Shire, Boston Children's join forces against rare pediatric diseases

Shire ($SHPG) has tapped the labs of Boston Children's Hospital in an effort to discover new therapies for rare pediatric diseases, in the latest announced collaboration for the Ireland-based drugmaker's fast-growing Human Genetic Therapies (HGT) unit based in Lexington, MA.

Shire HGT, which makes the company's rare disease therapies such as Elaprase and Replagal, revealed this morning that the company has made an upfront payment to the Harvard teaching hospital and made a three-year commitment to fund select research programs there. Shire wants any program it funds at the hospital to generate a therapy candidate in under three years from its start date. And the deal gives Shire an exclusive option to license therapy candidates from those programs it funds at Children's Hospital, which would then be eligible for additional payments based on development goals and royalties on potential sales from Shire.

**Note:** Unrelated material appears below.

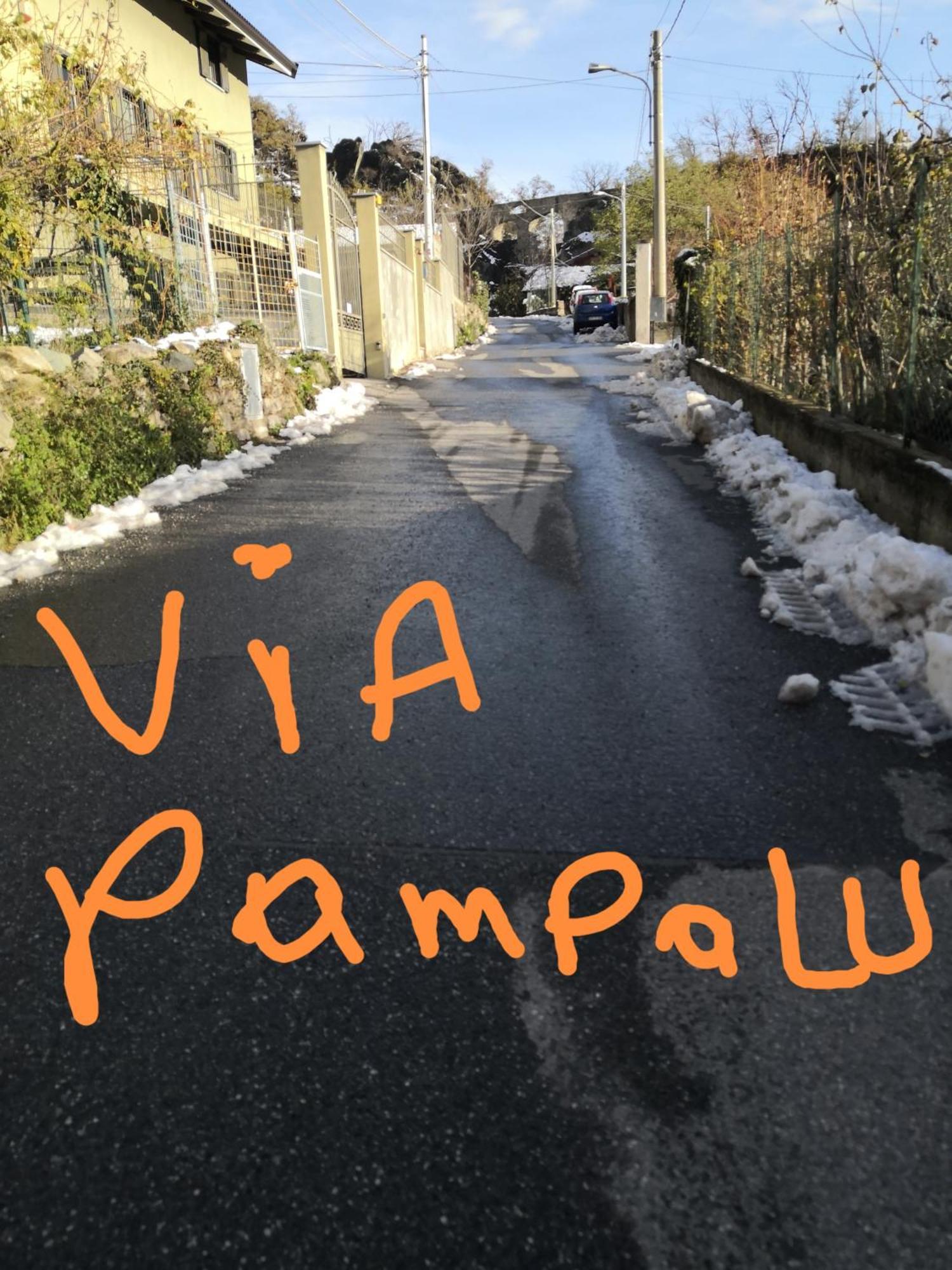 Appartamenti Rio Gendola Urbiano エクステリア 写真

Shire, Sanofi ($SNY) and GlaxoSmithKline ($GSK) are among a herd of drugmakers with major investments in the rare diseases field, which offers an array of unmet medical needs as thousands of orphan diseases are without approved therapies. And Shire's alliance with Children's Hospital follows a spate of such collaborations between academics and pharma companies that put industry dollars behind university labs with the goal of advancing science into the commercial realm, and for companies, to provide an ample source of new products.

"We are excited about the potential that the collaboration with Shire represents," said Dr. Alan Beggs, director of the Manton Center for Orphan Disease Research at Boston Children's, in Shire's release. "Boston Children's brings the research infrastructure to make the foundational discoveries about these diseases and our clinicians know the patients and their needs. Partnering with Shire's drug development capabilities represents a powerful combination that we hope will facilitate the development of new classes of therapy to ultimately benefit patients."

Shire HGT has actively sought external tie-ups to bolster its internal R&D efforts. In addition to the company's $521 million buyout of Germany's Jerini several years ago, Shire recently formed a $22 million discovery alliance with Telethon Institute of Genetics and Medicine in Naples to find new therapies for 13 rare diseases. And late last year Shire and Atlas Venture agreed to combine resources to support young developers of rare-disease drugs.